Monday Digest

Posted 6 November 2023

Overview: Central bank dovishness proves contagious
Last week, we noted how negative sentiment in stock markets can become a self-perpetuating destructive force for an entire economy as the investing public feels the heat of feeling poorer (at least on paper). But seven days later, we look back at an impressive stock market recovery that proved far more substantial and persistent than anyone would have dared to suggest possible. So, what has fundamentally changed? Well, not the economic data, where there has been no significant changes from the previous ‘not as bad as expected’ string of releases. What did change though was that – contrary to expectation – the US Federal Reserve (Fed) seemed to adopt a similarly somewhat dovish tone to the European Central Bank (ECB) of the previous week.

Few were expecting any interest rate move from the Federal Open Markets Committee (FOMC) this month, but a majority of commentators thought another 0.25% move in December likely given next month’s meeting has more research inputs. But after Wednesday’s meeting, Fed Chair Jerome Powell gave the strong impression the FOMC is becoming convinced their work is done; that the employment market is becoming less heated, wage growth is calming, and inflation is set to come back towards target. It felt like the opposite of the Fed’s September message and the market reacted accordingly.

In comparison, the Bank of England (BoE) is still in more of a bind. Its Thursday meeting concluded with the same ‘no rate rise’ decision as their US and European counterparts, while the BoE’s statement acknowledged the stress in the UK economy, with interest rates hurting many. Nearer-term measures of inflation in the UK also are helpful at the margin but the BoE’s biggest worry remains and differs in that measures of wage inflation are still uncomfortably high.

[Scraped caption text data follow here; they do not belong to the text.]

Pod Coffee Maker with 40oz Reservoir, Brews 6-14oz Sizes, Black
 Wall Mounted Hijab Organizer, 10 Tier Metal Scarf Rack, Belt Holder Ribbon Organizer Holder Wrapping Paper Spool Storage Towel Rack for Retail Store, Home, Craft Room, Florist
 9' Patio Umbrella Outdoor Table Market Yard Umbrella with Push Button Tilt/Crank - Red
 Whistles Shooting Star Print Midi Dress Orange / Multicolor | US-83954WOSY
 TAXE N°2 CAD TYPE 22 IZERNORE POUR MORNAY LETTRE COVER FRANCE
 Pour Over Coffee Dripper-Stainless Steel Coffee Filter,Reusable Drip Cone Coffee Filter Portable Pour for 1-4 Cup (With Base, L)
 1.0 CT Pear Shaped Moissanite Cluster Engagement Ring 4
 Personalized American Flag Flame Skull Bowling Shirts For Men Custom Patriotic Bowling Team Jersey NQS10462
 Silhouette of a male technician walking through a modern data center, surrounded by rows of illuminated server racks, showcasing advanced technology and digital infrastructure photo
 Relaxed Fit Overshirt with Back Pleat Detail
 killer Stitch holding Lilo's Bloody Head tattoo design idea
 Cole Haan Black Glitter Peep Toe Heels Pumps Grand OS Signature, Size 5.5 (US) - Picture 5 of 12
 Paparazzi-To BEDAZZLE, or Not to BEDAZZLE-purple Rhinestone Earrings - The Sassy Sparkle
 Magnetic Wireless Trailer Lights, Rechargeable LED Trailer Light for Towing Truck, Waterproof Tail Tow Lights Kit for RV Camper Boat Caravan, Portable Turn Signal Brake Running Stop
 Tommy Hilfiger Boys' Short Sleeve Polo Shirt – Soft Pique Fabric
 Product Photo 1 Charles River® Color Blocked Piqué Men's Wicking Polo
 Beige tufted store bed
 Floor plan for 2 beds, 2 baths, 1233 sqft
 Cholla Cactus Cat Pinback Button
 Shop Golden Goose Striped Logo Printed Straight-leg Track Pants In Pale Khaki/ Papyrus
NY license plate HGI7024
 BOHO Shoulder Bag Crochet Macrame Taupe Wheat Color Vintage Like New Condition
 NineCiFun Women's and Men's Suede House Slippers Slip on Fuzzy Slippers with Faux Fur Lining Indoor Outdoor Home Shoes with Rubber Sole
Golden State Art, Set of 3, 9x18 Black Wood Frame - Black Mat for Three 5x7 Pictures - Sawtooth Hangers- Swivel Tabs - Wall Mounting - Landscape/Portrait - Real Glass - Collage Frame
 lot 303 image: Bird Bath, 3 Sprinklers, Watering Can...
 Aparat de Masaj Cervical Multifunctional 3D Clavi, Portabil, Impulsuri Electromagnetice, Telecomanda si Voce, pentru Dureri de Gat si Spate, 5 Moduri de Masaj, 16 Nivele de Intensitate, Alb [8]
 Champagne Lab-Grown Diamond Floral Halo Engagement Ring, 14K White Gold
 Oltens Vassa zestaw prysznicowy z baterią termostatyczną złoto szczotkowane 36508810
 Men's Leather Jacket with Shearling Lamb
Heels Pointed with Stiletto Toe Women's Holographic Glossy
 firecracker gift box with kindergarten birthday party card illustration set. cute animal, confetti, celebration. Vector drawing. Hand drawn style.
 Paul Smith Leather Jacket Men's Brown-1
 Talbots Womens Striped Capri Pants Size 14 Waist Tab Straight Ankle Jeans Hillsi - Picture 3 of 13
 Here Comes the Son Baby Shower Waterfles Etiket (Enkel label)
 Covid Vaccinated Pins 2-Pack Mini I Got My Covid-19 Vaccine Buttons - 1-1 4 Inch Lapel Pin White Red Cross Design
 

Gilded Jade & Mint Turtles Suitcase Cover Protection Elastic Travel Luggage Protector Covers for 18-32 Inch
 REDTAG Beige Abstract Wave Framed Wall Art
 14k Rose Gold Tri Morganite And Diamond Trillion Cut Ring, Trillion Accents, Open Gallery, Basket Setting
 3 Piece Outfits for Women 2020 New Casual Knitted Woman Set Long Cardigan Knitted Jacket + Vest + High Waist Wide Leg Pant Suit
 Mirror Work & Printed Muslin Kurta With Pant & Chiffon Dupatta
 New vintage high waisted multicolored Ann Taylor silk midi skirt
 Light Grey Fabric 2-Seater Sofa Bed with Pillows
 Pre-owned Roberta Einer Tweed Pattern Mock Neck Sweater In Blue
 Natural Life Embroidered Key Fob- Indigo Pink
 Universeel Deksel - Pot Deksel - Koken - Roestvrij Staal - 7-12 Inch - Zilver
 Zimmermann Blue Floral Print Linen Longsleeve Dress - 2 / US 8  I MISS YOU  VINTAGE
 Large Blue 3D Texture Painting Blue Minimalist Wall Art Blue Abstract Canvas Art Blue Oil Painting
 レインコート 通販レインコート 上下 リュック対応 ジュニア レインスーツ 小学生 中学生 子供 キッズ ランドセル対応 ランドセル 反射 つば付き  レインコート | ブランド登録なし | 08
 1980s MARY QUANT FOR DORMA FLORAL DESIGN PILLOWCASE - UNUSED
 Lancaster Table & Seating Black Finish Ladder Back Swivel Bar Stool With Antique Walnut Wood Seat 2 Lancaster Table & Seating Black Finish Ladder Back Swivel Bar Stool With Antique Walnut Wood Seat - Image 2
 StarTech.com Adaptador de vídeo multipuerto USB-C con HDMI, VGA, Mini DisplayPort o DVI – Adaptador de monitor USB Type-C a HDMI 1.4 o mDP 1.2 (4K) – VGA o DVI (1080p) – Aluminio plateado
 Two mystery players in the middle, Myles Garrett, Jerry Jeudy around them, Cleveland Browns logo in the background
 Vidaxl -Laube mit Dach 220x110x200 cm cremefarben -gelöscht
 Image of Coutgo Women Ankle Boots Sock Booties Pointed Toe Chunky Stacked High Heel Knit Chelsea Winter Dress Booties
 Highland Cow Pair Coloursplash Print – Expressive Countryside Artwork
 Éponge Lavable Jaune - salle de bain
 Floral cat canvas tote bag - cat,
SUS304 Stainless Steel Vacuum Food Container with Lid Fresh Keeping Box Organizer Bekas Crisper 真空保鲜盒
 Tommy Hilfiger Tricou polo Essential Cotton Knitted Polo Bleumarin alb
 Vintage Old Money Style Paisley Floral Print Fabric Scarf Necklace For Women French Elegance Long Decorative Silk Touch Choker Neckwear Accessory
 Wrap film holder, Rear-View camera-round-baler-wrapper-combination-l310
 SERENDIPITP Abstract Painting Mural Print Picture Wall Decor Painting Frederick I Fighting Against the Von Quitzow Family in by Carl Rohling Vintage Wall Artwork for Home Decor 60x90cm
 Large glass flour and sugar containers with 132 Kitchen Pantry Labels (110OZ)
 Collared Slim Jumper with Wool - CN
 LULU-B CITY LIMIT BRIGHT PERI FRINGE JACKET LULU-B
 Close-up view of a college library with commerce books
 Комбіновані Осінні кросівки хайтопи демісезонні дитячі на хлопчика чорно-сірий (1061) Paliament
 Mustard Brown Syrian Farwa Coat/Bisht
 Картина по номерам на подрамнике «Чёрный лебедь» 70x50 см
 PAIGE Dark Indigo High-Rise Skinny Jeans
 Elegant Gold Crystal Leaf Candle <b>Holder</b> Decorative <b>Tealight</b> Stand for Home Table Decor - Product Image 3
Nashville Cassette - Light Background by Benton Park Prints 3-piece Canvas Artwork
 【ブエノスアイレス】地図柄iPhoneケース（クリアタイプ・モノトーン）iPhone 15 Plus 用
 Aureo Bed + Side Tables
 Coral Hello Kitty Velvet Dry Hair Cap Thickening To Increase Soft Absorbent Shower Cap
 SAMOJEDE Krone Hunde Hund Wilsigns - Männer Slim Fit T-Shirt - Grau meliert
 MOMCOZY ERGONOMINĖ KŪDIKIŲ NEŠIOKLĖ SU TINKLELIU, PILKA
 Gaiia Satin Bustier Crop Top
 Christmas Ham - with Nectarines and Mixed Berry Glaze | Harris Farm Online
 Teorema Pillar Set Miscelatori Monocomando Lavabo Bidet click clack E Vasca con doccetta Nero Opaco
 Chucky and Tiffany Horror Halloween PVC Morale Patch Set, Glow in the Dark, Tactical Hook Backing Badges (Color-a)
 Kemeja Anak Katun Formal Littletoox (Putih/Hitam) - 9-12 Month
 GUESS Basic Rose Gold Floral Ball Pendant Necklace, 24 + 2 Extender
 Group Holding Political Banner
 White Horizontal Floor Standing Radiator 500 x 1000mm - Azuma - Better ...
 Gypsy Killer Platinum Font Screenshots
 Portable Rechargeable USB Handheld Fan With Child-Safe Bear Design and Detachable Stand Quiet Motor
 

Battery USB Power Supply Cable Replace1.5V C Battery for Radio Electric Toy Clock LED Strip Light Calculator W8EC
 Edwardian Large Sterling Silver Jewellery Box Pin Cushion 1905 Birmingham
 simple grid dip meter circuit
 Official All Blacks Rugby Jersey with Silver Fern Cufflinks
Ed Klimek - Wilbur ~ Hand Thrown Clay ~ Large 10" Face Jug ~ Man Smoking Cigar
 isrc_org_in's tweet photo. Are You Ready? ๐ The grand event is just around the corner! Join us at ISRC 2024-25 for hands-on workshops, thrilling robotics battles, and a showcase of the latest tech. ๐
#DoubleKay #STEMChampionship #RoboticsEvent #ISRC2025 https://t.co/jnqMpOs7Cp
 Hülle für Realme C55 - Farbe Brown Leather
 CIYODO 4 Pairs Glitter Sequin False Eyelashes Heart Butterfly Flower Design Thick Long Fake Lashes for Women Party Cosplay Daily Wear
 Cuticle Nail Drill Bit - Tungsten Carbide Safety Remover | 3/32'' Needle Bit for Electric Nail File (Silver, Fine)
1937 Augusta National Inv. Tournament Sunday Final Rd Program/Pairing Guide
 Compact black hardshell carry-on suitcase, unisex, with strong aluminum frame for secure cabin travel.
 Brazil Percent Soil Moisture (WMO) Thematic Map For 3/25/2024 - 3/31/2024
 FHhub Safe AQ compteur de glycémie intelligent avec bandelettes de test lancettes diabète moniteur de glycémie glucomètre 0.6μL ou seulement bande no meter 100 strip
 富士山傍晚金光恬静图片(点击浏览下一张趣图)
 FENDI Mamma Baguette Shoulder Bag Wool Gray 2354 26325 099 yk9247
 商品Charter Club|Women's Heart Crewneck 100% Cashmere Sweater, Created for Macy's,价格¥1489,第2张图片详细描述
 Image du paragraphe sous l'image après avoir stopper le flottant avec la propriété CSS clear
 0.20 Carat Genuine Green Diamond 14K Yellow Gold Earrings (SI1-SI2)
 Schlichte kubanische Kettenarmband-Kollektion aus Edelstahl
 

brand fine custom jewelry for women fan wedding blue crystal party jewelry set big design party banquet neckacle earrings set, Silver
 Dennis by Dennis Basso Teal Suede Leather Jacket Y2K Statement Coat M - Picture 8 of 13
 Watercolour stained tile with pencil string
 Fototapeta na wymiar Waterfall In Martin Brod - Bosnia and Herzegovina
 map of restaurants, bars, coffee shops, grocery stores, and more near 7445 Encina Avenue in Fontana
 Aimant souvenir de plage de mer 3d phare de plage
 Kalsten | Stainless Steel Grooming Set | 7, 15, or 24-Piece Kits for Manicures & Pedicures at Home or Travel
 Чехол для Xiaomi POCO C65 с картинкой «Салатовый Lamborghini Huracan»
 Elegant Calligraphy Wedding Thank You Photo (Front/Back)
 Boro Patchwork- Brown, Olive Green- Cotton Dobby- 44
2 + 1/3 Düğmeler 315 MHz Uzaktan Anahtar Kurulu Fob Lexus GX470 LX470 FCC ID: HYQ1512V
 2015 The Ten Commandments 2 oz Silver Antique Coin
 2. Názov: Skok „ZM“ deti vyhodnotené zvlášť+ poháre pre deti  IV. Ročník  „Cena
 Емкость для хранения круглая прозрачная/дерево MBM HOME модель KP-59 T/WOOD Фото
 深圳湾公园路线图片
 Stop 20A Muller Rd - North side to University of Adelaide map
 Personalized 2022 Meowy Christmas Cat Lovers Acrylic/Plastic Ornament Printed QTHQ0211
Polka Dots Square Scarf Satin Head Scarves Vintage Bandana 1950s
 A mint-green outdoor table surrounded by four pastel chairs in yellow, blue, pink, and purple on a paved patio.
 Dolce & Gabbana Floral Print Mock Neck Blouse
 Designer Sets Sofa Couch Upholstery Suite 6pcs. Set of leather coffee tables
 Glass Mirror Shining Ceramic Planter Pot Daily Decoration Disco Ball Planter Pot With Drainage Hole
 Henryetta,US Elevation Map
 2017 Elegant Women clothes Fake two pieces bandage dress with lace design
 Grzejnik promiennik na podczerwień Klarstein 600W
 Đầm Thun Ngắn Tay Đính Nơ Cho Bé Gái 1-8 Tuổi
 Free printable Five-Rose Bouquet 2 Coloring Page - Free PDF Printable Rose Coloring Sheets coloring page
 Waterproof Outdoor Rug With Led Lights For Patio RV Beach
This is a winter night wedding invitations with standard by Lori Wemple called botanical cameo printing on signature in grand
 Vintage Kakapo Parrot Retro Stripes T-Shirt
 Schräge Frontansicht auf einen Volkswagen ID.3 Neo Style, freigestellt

Indeed, overall the mix of monetary and fiscal policy globally has already begun to shift to accommodation. The fiscal supports from China announced last week, and Japan this week, are substantial and added to investor perceptions that the investment environment may be about to become friendlier. Of course, much depends on the US. We’ve repeatedly seen that bouts of equity market positivity have supported households and businesses with already strong savings balances. The tight US financial conditions leading up to the FOMC meeting have been loosened in only two days. Following relatively weak US employment figures today, FOMC members have to believe the easing in the US labour market is more than seasonal if they are to hold on to their new-found dovishness.

What last week’s market moves also suggest is that institutional investors have been short of risk assets, both in equity and bond markets, while private households have been diverting money into their savings rather than investment accounts. This type of rebalancing flow may be ‘short-term’ but it can still go on for some time. Nevertheless, this past week’s market action informs us that the ‘higher for longer’ rates perception that only just sunk in over October may have already reached its expiry date given central bankers’ unexpected dovish tones.

Does Emerging Markets growth always mean returns?
Why would you invest in Emerging Markets (EM)? In a word, growth. As the name suggests, developing economies generally have high potential to develop, and foreign investors are keen to get in on the action. It does not always work out, of course, but that is just part of the game: high risk comes with high reward. We have written a lot about emerging markets in recent months, from the obvious China – whose ’emerging’ status perhaps stretches the definition somewhat – to India, Brazil and Argentina. The risk-reward profile of EM investment means that for every India or Brazil success story, there are plenty of Argentina-style cautionary tales.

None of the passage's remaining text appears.